Weekend Programming Challenge Issue-9 Solutions


Image

We got 7 solutions for the Issue-9 challenge:

  • 3 C
  • 2 Java
  • 1 C#
  • 1 Python

I’m surprised that we didn’t got more solutions as this challenge was pretty simple. Maybe the picture I put on the Challenge confused you?

What you have to do is to pick random (or first) three points and calc the radius and centre coordinates of the circle which pass through them (3 points always define circle).

Then to check rest of the point if belong to same circle which is trivial using Pythagorean theorem.

6 Comments (+add yours?)

  1. Iain Cunningham (@IainIsm)
    May 20, 2013 @ 11:40:40

    I wanted to do this, and knew exactly how to approach it (a matrix-based solution of the coefficients of the equation for the circle based on 3 points and then a check of the remaining points), but lack of time meant I never even opened my text editor… Shame really, as this is the kind of problem that Matlab/Octave were created for!

    Reply

  2. Max
    May 20, 2013 @ 11:58:59

    As someone not directly involved with the weekend challenges but who had to solve that exact problem not long ago because of a real-world CNC software bug (fiinding the centre of the circle going through 2 points), I can tell you that the problem is a seriously non-obvious one; furthermore I couldn’t find a single decent description of how to solve it on the net (but plenty of poorly or not at all answered questions about how it could be solved). Simply putting together the right equations will get you nowhere (they cannot be solved directly “for X”), the only thing that finally worked for me was re-learning the whole math of coordinate system roto-translations. Frankly, I’m not surprised at all…

    Reply

  3. Dylan
    May 20, 2013 @ 13:01:11

    Great Chappenge 😉 Interesting that we all went for much the same solution.

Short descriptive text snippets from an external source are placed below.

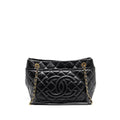 chanel-quilted-shoulder-shopping-tote-bag-caviar-black-ghw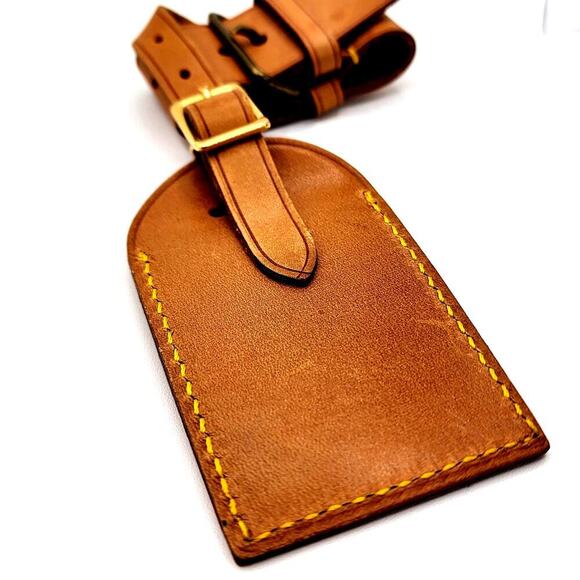 LOUIS VUITTON VACHETTA LUGGAGE TAG AND POIGNET100% AUTHENTIC - Picture 7 of 11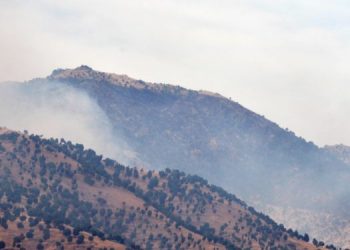 Artêşa Tirk a dagirker bi hawan û obusan Metînayê bombe dike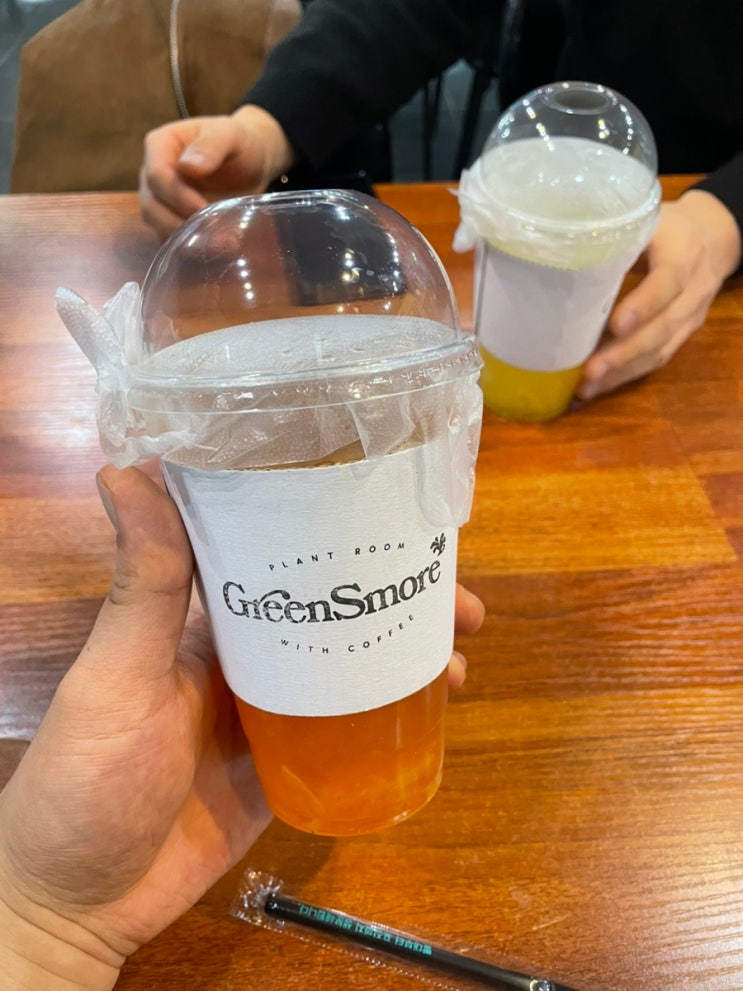  군산 순돌이곱창 우체통거리 근처카페 그린스모어카페 군산명산동카페 군산에이드맛집 공설시장2층 청년몰 시장김밥 제비제비수제비 군산내돈내산맛집 군산점심추천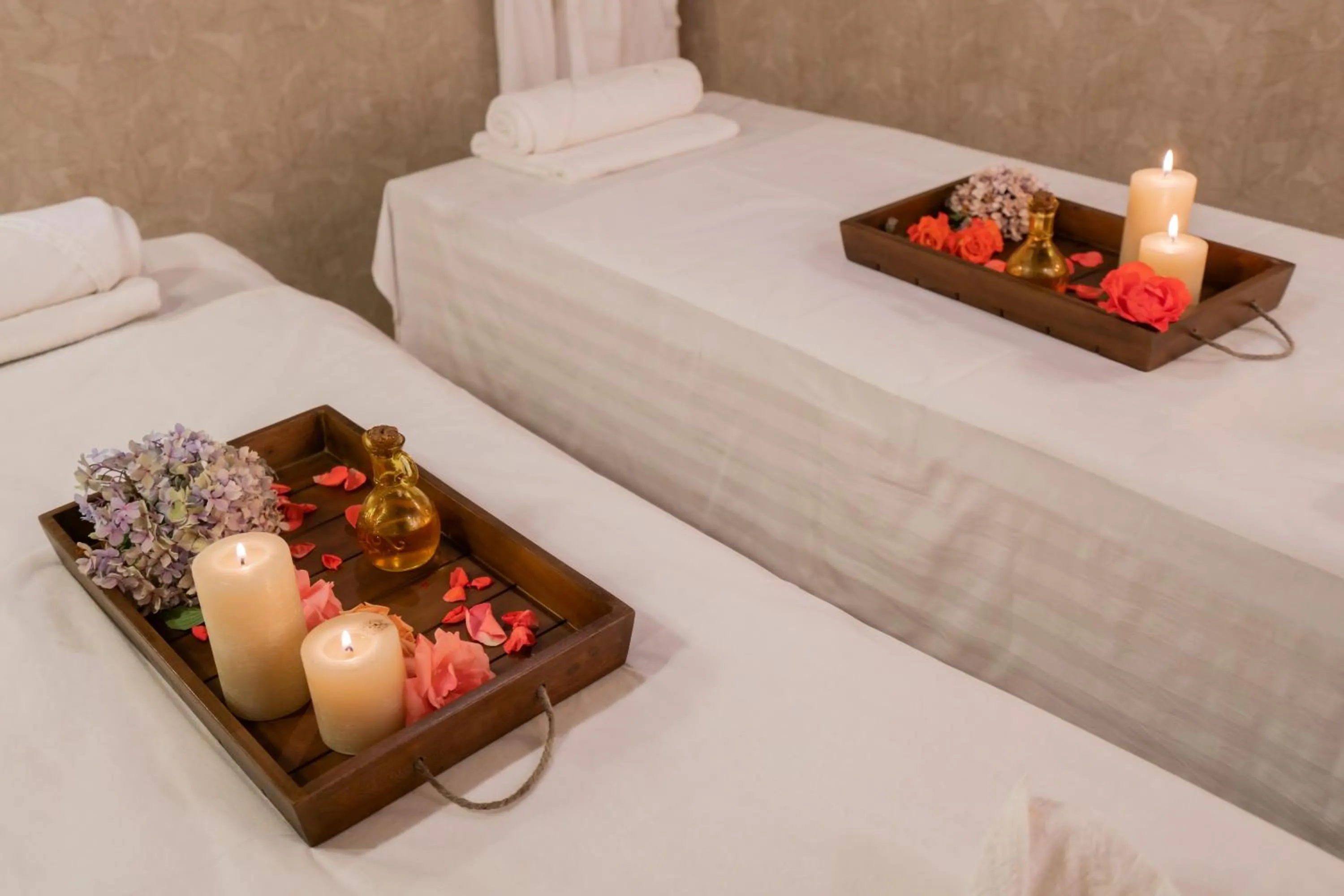 Spa and wellness centre/facilities, Bed in Larisa Resort Manali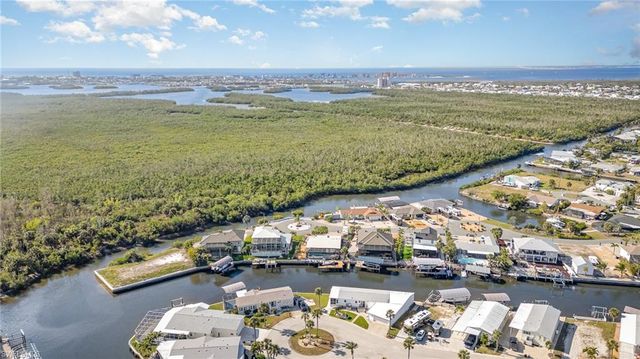 11291 Bougainvillea LN, Fort Myers Beach, FL 33931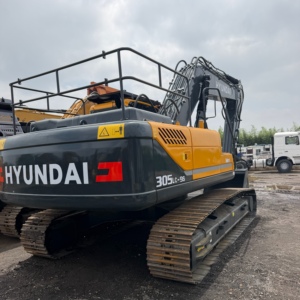 Excavatrice d'occasion robuste 30T Hyundai 305, engin de terrassement, pelle sur chenilles d'occasion pour l'exploitation minière, livraison rapide - Product Image 4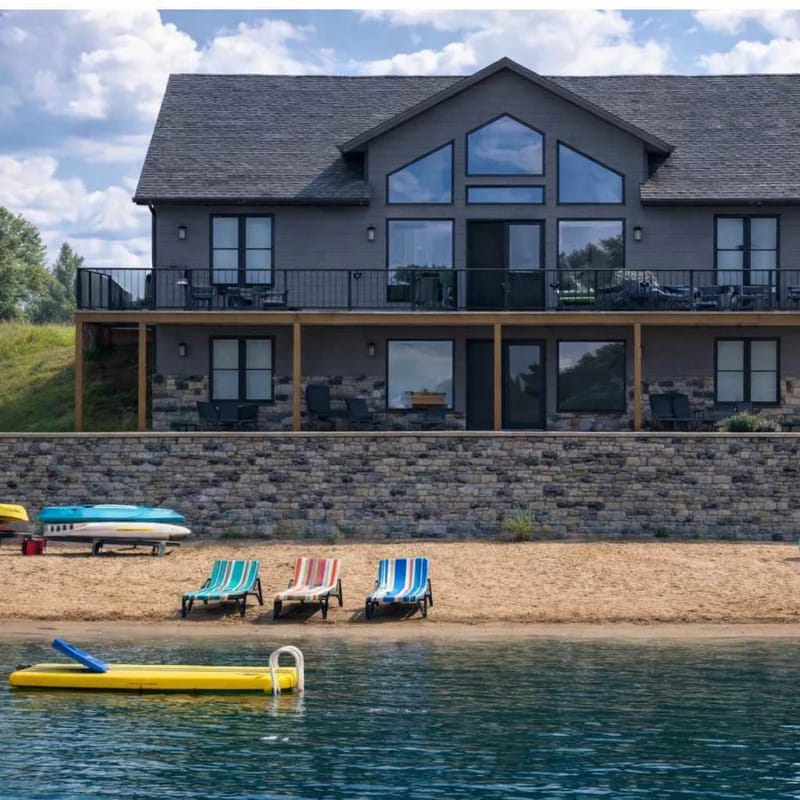 Beach House by Castle Rock Lake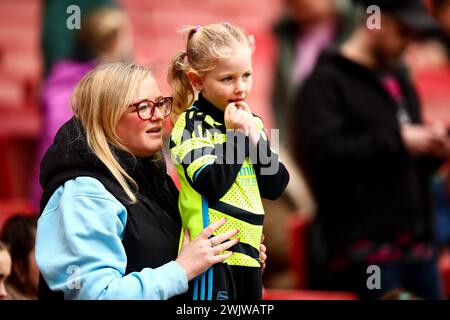 Eine junge Arsenal-Unterstützerin mit ihrer Mutter beim Spiel der Barclays FA Womens Super League zwischen Arsenal und Manchester United im Emirates Stadium in London. (Liam Asman/SPP) Credit: SPP Sport Press Photo. /Alamy Live News Stockfoto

    An alternative would be to simply return True if given three points, and use http://mathworld.wolfram.com/PtolemysTheorem.html for four (or more, keeping A, B and C fixed).

    Iff the points are distributed roughly evenly around the (possible) circle, each point could be assigned a weight of 1, the centre C taken as the weighted average of all the points, and the variance of the distance from the points to C, and an iterative process could alternately perturb C in the plane such that the variance per radius decreases (increasing weights for points on the side of the circle where there are fewer). That sentence was already far too long; the other half of the iteration is to decrease the weight (potentially to zero) of outliers.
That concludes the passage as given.